» **YOUR TASK**: Among the entries below, find how many lines carry the word "Speed" and state only that figure.

====== SUPPLIED INFORMATION ======

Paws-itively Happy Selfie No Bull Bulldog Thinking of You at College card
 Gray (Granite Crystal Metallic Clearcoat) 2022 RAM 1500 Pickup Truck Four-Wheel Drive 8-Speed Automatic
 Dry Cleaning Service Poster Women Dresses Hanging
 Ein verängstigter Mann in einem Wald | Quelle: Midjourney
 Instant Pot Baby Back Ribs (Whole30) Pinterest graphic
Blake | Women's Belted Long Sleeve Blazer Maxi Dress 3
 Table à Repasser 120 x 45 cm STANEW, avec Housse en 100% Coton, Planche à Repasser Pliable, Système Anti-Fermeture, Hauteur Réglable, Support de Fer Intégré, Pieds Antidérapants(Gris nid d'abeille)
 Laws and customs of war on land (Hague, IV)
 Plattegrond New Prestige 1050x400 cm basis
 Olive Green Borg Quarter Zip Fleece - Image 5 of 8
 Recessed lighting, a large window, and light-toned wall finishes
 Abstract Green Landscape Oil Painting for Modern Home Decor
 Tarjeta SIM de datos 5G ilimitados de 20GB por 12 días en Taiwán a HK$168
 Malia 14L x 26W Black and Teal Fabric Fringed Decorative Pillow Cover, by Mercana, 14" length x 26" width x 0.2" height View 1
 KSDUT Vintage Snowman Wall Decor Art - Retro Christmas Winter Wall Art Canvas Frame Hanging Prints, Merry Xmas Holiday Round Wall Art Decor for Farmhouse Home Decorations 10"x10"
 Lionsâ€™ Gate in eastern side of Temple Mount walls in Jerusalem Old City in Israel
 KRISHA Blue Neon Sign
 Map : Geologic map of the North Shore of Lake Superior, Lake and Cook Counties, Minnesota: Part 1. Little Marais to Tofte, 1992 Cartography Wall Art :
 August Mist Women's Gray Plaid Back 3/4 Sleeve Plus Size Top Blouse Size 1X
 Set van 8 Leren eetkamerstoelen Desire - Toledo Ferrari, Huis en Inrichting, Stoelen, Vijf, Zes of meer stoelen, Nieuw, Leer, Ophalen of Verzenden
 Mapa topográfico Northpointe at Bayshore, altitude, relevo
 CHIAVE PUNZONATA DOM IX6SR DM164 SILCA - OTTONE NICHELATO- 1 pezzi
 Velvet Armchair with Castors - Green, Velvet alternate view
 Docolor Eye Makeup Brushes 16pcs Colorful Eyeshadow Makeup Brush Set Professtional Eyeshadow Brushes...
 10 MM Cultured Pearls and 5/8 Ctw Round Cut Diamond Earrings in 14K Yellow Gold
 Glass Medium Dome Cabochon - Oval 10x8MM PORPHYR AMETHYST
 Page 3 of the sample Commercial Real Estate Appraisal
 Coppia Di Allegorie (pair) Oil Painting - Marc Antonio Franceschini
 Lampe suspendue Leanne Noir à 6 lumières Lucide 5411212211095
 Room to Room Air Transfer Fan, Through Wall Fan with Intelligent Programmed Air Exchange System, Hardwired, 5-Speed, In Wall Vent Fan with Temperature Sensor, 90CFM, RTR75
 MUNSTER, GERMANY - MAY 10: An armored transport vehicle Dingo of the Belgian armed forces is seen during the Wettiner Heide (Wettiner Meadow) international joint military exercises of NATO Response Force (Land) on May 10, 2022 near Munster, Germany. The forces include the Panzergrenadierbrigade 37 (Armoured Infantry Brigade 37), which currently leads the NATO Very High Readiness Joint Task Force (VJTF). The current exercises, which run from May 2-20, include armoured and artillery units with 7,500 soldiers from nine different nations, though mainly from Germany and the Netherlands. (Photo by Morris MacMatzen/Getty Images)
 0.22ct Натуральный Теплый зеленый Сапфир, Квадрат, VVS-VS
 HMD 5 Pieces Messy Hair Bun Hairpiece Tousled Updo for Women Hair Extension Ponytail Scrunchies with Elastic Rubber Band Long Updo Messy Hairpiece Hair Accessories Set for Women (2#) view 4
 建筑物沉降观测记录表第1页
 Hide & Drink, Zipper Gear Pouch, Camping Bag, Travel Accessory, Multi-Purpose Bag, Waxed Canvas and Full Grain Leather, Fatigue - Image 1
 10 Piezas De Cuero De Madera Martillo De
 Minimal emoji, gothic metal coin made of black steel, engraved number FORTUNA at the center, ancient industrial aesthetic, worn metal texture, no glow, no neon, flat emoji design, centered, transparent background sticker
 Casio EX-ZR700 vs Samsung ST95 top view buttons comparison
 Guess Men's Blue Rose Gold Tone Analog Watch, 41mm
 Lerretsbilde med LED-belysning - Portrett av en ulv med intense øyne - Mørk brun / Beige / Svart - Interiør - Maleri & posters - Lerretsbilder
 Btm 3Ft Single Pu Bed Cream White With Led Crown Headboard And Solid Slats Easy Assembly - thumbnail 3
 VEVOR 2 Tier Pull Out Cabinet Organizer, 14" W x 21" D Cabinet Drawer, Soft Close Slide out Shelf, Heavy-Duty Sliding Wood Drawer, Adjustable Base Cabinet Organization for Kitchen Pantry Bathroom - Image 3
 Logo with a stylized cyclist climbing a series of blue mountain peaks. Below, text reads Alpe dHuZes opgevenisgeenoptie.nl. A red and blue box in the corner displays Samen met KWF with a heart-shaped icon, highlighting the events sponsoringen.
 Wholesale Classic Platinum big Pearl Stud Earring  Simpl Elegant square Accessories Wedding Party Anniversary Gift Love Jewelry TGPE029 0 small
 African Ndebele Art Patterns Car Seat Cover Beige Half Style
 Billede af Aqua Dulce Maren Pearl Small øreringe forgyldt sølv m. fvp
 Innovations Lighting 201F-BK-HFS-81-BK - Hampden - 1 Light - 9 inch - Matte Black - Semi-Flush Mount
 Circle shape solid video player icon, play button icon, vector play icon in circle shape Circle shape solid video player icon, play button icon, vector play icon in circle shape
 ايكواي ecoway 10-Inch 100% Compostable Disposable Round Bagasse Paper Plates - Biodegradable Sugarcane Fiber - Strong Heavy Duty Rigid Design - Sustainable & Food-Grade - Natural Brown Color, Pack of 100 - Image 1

======

» **WORKED SOLUTION**: 2